- Agreement and Binding Contract
1.1 The Customer agrees that (a) this Agreement, together with all other documentation issued by LDCQ Steelworks CC shall represent the entire Agreement between the Customer and Pats Steel Industries (Pty) Ltd (hereinafter referred to as PATS STEEL) and that any alterations or additions unless agreed herein may not be effected unless agreed to by both parties, reduced to writing and signed by the Customer and a duly authorised representative of the PATS ENGINEERING.
2.1 Quotations shall remain valid for a period of 7 days of issue, unless otherwise stipulated in writing.
2.2 No goods outside that set out in in the Quotation will be issued to the Customer.
3.1 In instances, PATS STEEL may require a deposit prior to provision of goods, which sum shall be set out in the quotation issued to the Customer.
3.2 The balance of payment is due and payable immediately upon provision of goods.

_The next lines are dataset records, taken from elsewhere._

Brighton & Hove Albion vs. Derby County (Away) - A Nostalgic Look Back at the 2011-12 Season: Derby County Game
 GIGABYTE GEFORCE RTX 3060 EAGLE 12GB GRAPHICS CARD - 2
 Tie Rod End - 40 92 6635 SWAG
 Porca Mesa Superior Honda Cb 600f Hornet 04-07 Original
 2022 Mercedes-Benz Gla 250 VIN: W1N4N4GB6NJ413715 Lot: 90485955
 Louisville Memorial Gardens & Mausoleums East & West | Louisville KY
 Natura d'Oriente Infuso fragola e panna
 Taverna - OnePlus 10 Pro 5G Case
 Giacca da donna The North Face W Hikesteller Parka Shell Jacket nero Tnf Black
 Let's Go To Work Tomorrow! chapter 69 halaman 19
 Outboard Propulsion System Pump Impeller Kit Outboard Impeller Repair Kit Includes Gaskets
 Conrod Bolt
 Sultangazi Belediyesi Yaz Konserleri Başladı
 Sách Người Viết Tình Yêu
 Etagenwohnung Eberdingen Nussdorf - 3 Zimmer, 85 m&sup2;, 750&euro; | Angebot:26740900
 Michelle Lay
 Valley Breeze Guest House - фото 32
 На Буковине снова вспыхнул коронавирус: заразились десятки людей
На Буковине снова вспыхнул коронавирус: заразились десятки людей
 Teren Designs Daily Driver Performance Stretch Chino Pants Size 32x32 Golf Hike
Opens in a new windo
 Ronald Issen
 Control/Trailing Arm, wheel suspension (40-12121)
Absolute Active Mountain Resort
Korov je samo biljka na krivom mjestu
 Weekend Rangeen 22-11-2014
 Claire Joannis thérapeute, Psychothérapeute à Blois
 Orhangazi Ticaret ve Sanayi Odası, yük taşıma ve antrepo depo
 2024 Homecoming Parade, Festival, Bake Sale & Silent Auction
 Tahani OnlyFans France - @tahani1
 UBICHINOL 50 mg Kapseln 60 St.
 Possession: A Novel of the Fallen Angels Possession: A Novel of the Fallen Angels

3.3 In the event of a cancellation received prior to delivery of the order, the Customer may be liable for:
3.3.1 a 15% handling fee in respect of baseline goods;
3.3.2 the full value of any goods specially purchased or manufactured in terms of the order.
4.1 It is the Customer’s responsibility to ensure that goods are suitable for the purpose for which it is intended.
4.2 The Customer shall be entitled to return goods purchased within 10 (ten) business days if incorrectly supplied, subject to such goods being unused, undamaged, in their original packaging and in a resale-able condition.
4.3 Should the Customer allege any of goods provided to be defective, the Customer shall give PATS STEEL a reasonable opportunity to inspect same prior to furnishing the Customer with the requested remedy.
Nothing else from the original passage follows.